I have just returned from a glorious trip to New York City — a much-needed (semi-working) vacation! It was my first extended photographic trip in over two years and my first time to the Big Apple in more than thirty years.
I met a fellow photographer friend from London. We quickly learned that we have very different shooting styles. She is very much a landscape-only shooter, while I tend to mix landscapes with street and people shooting. I do enjoy shooting with other people, but I learned on this trip that I also tend to relish the freedom that solitude allows. We found a balance that worked for both of us. We split our time so that we could spend some time together and some time shooting solo. If you’re ever faced with a question of whether to shoot with someone else or alone, remember there’s always a compromise point.
There is so much to see in the city and yet I was able to see and do most of the things on my list in only eight days, although I could have filled a month or more easily. Depending on one’s budget and time, there are endless possibilities.

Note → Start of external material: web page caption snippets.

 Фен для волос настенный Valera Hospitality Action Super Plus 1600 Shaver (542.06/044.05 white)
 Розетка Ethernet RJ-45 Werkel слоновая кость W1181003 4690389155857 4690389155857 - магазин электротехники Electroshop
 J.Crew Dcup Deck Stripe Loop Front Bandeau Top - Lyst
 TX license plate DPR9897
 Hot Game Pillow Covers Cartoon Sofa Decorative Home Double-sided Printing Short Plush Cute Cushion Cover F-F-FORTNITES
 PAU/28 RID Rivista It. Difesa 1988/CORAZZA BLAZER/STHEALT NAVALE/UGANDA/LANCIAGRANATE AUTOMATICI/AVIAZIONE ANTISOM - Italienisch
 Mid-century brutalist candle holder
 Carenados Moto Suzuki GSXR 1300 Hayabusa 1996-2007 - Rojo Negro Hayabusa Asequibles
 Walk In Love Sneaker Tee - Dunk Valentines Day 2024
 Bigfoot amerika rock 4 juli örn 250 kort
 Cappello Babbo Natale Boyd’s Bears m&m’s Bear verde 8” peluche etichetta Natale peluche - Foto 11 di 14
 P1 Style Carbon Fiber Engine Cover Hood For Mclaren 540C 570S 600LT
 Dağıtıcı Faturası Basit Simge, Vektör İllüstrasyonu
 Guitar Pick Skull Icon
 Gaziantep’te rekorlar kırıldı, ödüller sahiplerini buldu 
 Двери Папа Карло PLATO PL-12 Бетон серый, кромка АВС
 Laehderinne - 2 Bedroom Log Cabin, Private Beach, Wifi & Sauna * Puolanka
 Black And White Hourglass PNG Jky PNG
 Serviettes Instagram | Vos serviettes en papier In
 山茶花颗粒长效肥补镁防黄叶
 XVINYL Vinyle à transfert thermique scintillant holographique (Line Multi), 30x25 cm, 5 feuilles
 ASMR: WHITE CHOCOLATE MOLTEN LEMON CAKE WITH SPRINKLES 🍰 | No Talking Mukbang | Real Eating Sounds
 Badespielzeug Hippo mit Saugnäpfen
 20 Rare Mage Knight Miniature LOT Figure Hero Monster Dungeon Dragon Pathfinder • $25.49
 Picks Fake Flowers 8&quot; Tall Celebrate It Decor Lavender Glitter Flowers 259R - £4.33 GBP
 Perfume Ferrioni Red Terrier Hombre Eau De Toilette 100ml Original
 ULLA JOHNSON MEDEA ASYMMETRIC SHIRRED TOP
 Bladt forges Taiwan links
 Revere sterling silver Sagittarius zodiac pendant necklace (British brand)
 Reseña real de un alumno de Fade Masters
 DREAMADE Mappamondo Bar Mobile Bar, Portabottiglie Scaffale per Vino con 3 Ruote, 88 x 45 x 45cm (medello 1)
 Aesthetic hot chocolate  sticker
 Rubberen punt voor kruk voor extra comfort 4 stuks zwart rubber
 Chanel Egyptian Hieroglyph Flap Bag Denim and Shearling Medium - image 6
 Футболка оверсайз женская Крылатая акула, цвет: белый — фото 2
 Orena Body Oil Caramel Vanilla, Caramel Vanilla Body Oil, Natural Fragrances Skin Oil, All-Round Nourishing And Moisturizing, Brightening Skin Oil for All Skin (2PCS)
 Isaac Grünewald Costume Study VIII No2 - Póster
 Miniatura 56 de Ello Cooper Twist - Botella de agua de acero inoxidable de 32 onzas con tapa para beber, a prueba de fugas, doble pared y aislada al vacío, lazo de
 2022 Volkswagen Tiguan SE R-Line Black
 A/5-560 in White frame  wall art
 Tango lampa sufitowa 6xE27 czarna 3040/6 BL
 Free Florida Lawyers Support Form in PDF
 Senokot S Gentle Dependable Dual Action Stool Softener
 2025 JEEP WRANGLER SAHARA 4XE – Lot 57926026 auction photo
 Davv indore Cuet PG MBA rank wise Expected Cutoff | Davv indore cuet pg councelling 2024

Money is not a limiting factor, because many of the things photographers want to see in NYC are free.
From high atop Rockefeller Center and the Empire State Building (admission required):
… to Central Park:
Lady Liberty from the Staten Island Ferry:
… as well as the city skyline:
Then there are the people of New York City, here just a few of the many I captured!
My two favorite outings that I haven’t yet processed were The Metropolitan Museum of Art and Flushing Corona Park where the Unisphere is located. Flushing was a great day for several reasons: I got photos I never thought I would — including the rail yard. I didn’t realize it was there until I crossed it.
More about New York City in a subsequent post when I’ve had more time to process more photos. If you are a photographer, regardless of your style of photography, New York City is rich in opportunities.